Hello and welcome to the latest in our series of risk and compliance videos. I'm John Coley and I'm here today with Christian Blackwell to talk about regulator mandated reviews.
So Christian, I guess a good starting point with this I guess from view is how you approach such a review and your mind set, so do you want to talk through your sort of key thoughts around that?
That's really important and a key element. We should be being open and proactive, that's really important. Don't try and be evasive or argue a point unnecessarily. You have to remember why these reviews are in place, be it the FCA or the FRB or any other regulator. They are a tool used to try and gather more information about specific issues or a theme in the industry. So don't be frightened or intimidated, it's a process that they're doing through. The second is don't hide from it. Be proactive, really engage, engage a team early, get the right people around the business involved and don't shy away from it. If you are unsure about anything, ask questions. The regulator will not criticise you for trying to find out more information of what the scope is.
And I guess within such reviews there can be lots of things going on. They could be information requests from regulators, requests for meetings, what should firms be really focusing on? What should they have at the top of their minds?

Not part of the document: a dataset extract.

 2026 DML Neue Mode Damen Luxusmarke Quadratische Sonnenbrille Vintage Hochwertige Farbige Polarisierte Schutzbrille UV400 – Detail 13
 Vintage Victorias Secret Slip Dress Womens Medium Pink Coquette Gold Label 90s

Companies should focus on customer outcomes and that is what the regulators are focused on. So they should be focused on that. Don't try and argue detailed systems points or making excuses but thinking about how what they are doing day to day affects customers, will help them and if they can actually come up with ways of, creative ways of actually remediating issues that may have happened, that will benefit customers, regulators are likely to listen to that.

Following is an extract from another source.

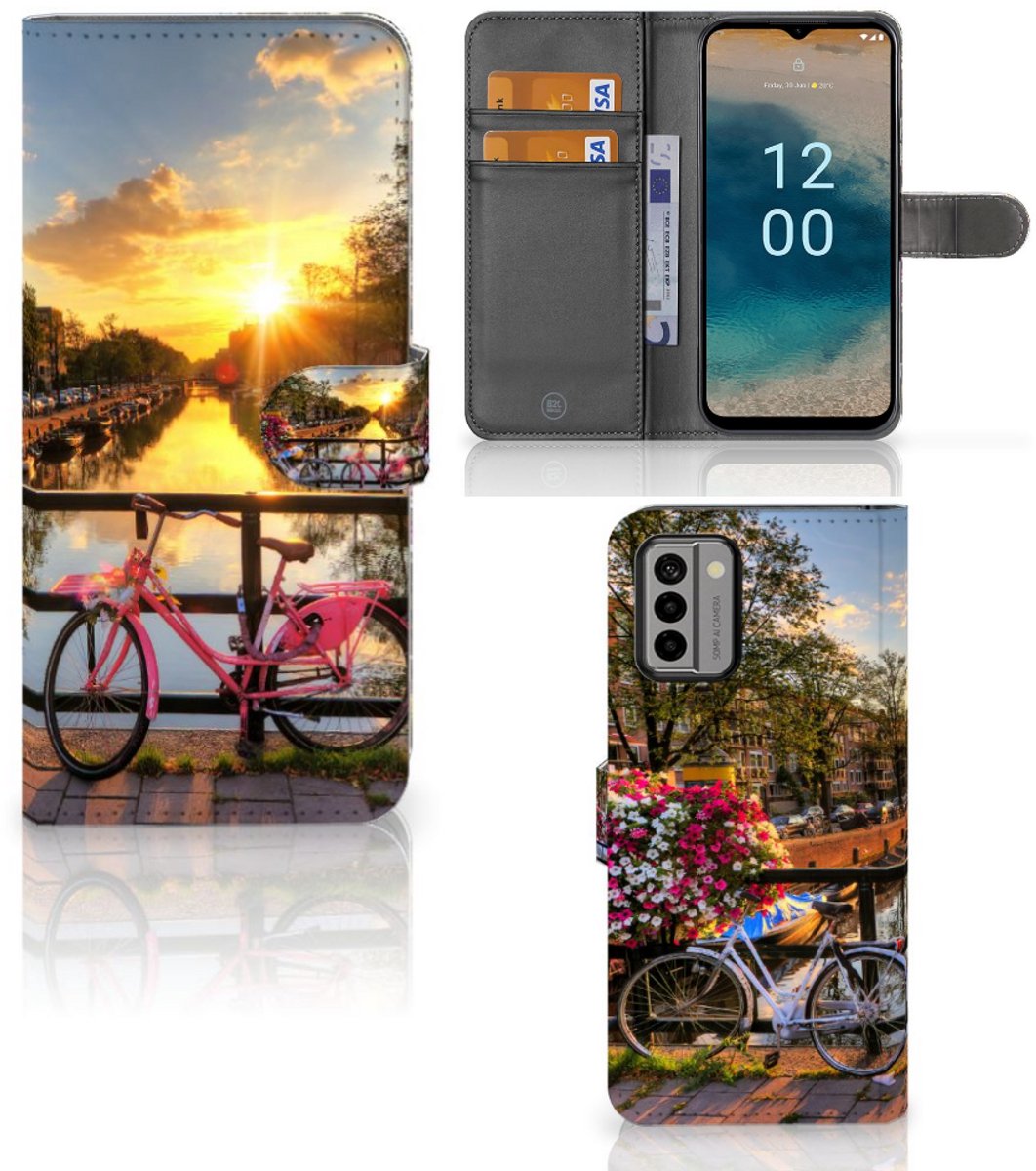 Nokia G22 Flip Cover Amsterdamse Grachten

Going through a regulatory review, there can be a lot of things happening, you know it can be a bit emotional for some firms at times which is quite natural, so in the context of staying positive, how can firms best use these as a tool to improve themselves and make their firms as good as they can be?
I think there's a couple of things. I think you should choose your advisers very carefully and early in the process. People have been through this before with other firms. Companies that have a very good relationship with the regulator and can facilitate the tripartite discussions that need to take place. Also I think a key area which firms often they feel like this is being done to them but it's actually an opportunity if looked at in the right way. I think a firm, it's difficult to get a budget to get change quite often and this is an actual opportunity to more the business forward which will benefit both the business themselves if done rightly in more efficient processes and also ultimately better customer outcomes.